Supone el final de uno de los ciclos políticos más influyentes —y polémicos— de la Unión Europea en la última década y media. Con la victoria de Péter Magyar y su claro discurso proeuropeo, Hungría envía una señal nítida: incluso los proyectos políticos más consolidados pueden desgastarse cuando se perciben como un obstáculo al bienestar y a la integración internacional.
La caída de Orbán tiene un fuerte valor simbólico para Europa. Durante años, Hungría se convirtió en el principal foco del llamado “iliberalismo” dentro de la UE, un modelo que cuestionaba la primacía del Estado de derecho, la independencia judicial y el consenso comunitario. Budapest fue, junto a Varsovia en su momento, un socio díscolo que bloqueó decisiones clave, desde sanciones exteriores hasta acuerdos presupuestarios, forzando a Bruselas a convivir con una contradicción interna: una unión de valores democráticos con gobiernos que desafiaban esos mismos principios.
El cambio de gobierno abre ahora una ventana de oportunidad. Una Hungría alineada con el proyecto europeo puede desbloquear dosieres atascados, facilitar acuerdos en política exterior y reforzar la cohesión interna en un momento particularmente delicado, marcado por la guerra en Oriente Próximo, la presión energética y el debate sobre la autonomía estratégica europea. No es casual que las principales capitales europeas hayan acogido el resultado con alivio: sin Orbán, la UE pierde a su veto más persistente.
Sin embargo, el nuevo Ejecutivo húngaro hereda un país polarizado y unas instituciones tensionadas tras años de confrontación con Bruselas. Restaurar la confianza no será inmediato. La recuperación de fondos europeos congelados, la normalización de las relaciones institucionales y la reconstrucción de contrapesos democráticos exigirán tiempo y determinación política. La victoria de Magyar es, sobre todo, una promesa: su éxito dependerá de la capacidad de traducir el entusiasmo electoral en reformas concretas.
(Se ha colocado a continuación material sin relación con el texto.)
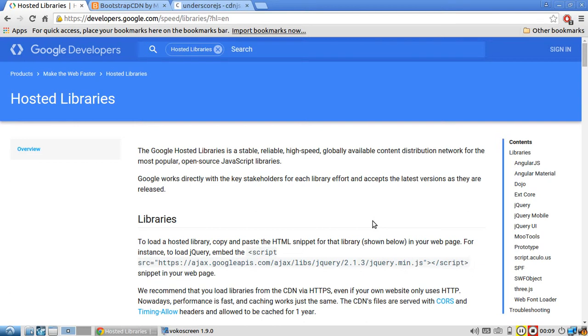I wanted to show you a few CDNs that host open source JavaScript libraries. CDNs are content distribution networks, or content delivery networks. I'm not exactly sure what the D stands for, but it's one of the two.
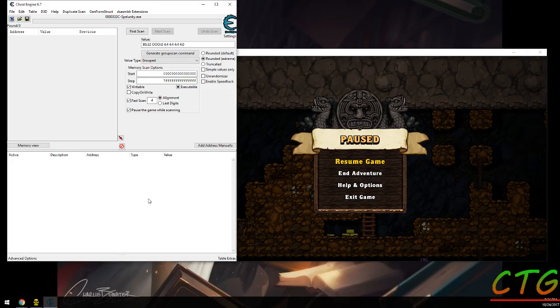Welcome back to another tutorial. This time we're going to cover the group scan, as you might be able to see here.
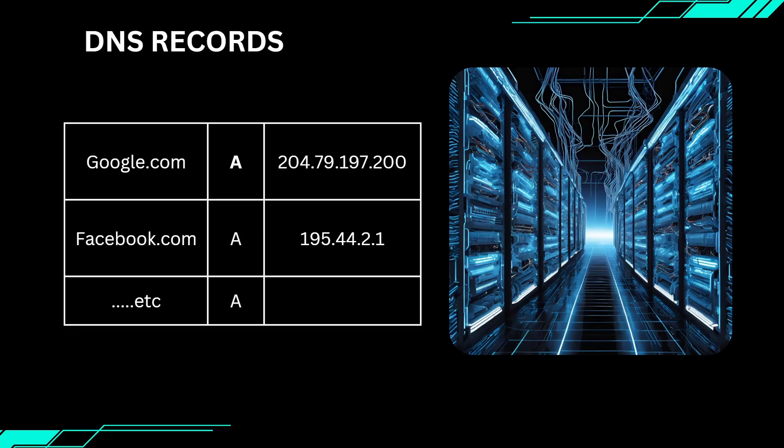Welcome to this lecture. Today we are diving into DNS spoofing, what it is and how you can perform this attack using Bettercap. Let's get started.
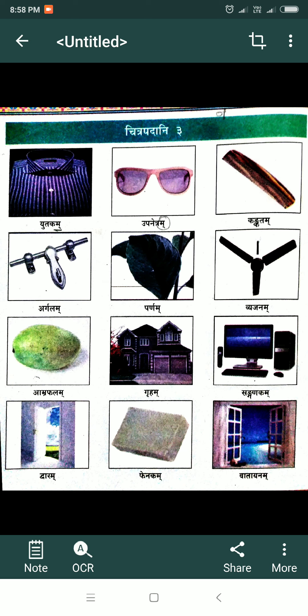Sanganakam — computer. Varam — door. Fanakam — soap. Vatainam — window.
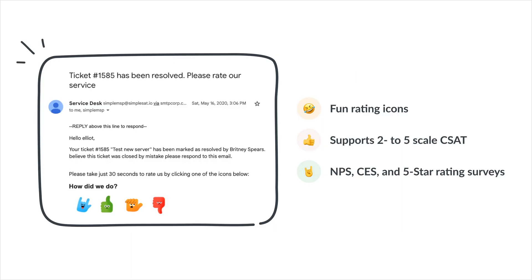After embedding the survey and configuring the integrations, everything will seamlessly operate in the background. Simplesat surveys require no additional effort from your end.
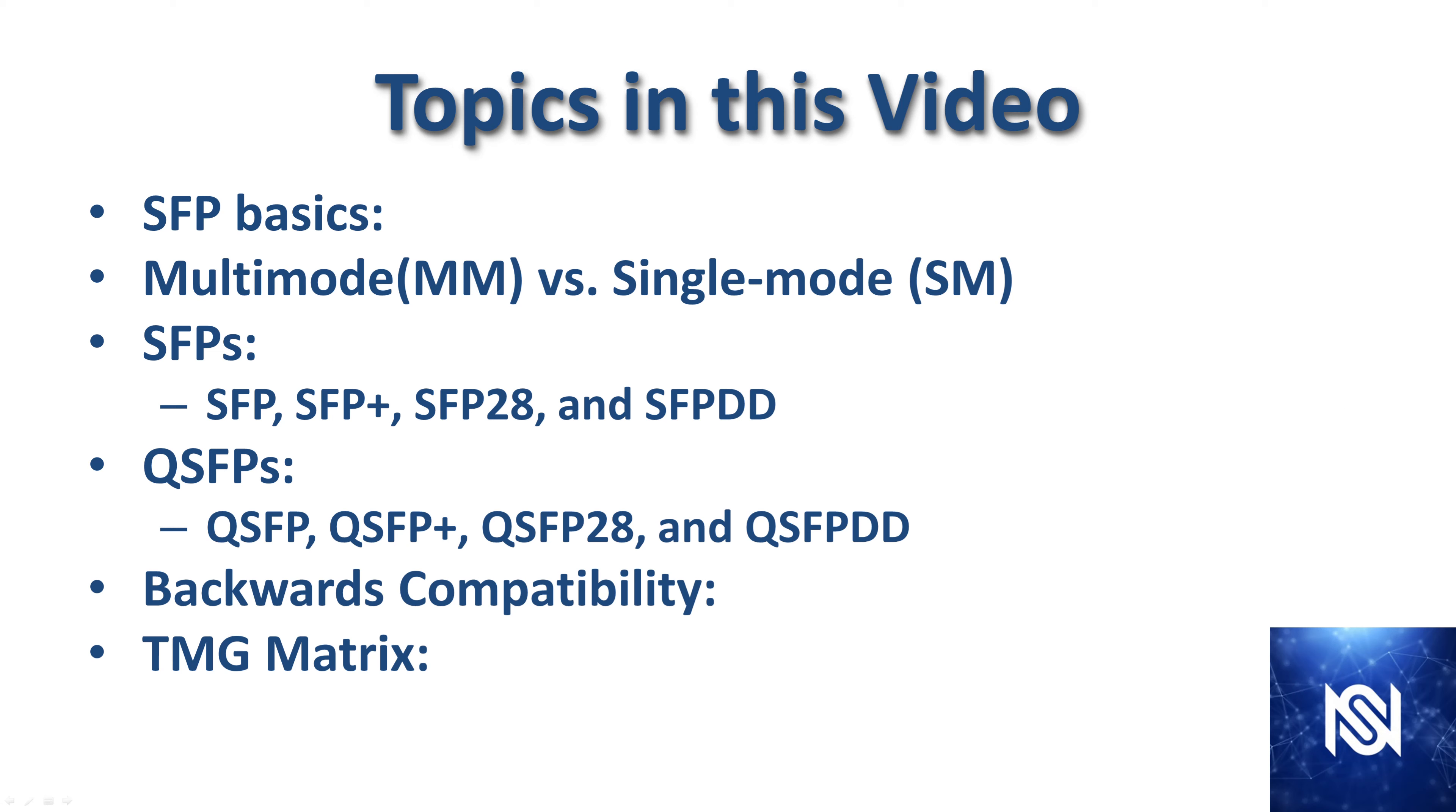So that wraps up one of the longer videos. The topics we covered were the SFP basics, we looked at multimode and single mode fiber, and then we looked at the SFPs, the QSFPs. We talked about backwards compatibility, and then we looked at the TMG matrix. If you found that helpful, just give it a like and subscribe, and I'll see everyone in the next one.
Para España, el resultado tiene una doble lectura. En primer lugar, refuerza el eje de países que apuestan por una integración europea más profunda y por soluciones multilaterales frente a las crisis internacionales. Madrid ha defendido tradicionalmente una UE más cohesionada, tanto en política energética como fiscal, y la salida de escena de gobiernos abiertamente euroescépticos facilita ese camino. En segundo lugar, debilita a la red informal de alianzas entre fuerzas nacionalistas y populistas europeas, cuyo discurso ha tenido eco también en la política española.
El mensaje de fondo es claro: la estabilidad institucional, el acceso a los fondos europeos y la cooperación internacional pesan cada vez más en el voto ciudadano. En un contexto de inflación, incertidumbre geopolítica y desgaste del poder adquisitivo, los electores parecen castigar a quienes convierten la política en una confrontación permanente con los socios comunitarios.
La derrota de Orbán no significa el fin del populismo en Europa, pero sí demuestra que no es invulnerable. Hungría ha optado por cambiar de rumbo y, con ello, recuerda al resto del continente —España incluida— que la pertenencia a la Unión Europea no es solo una cuestión ideológica, sino también una decisión pragmática sobre prosperidad, estabilidad y futuro compartido.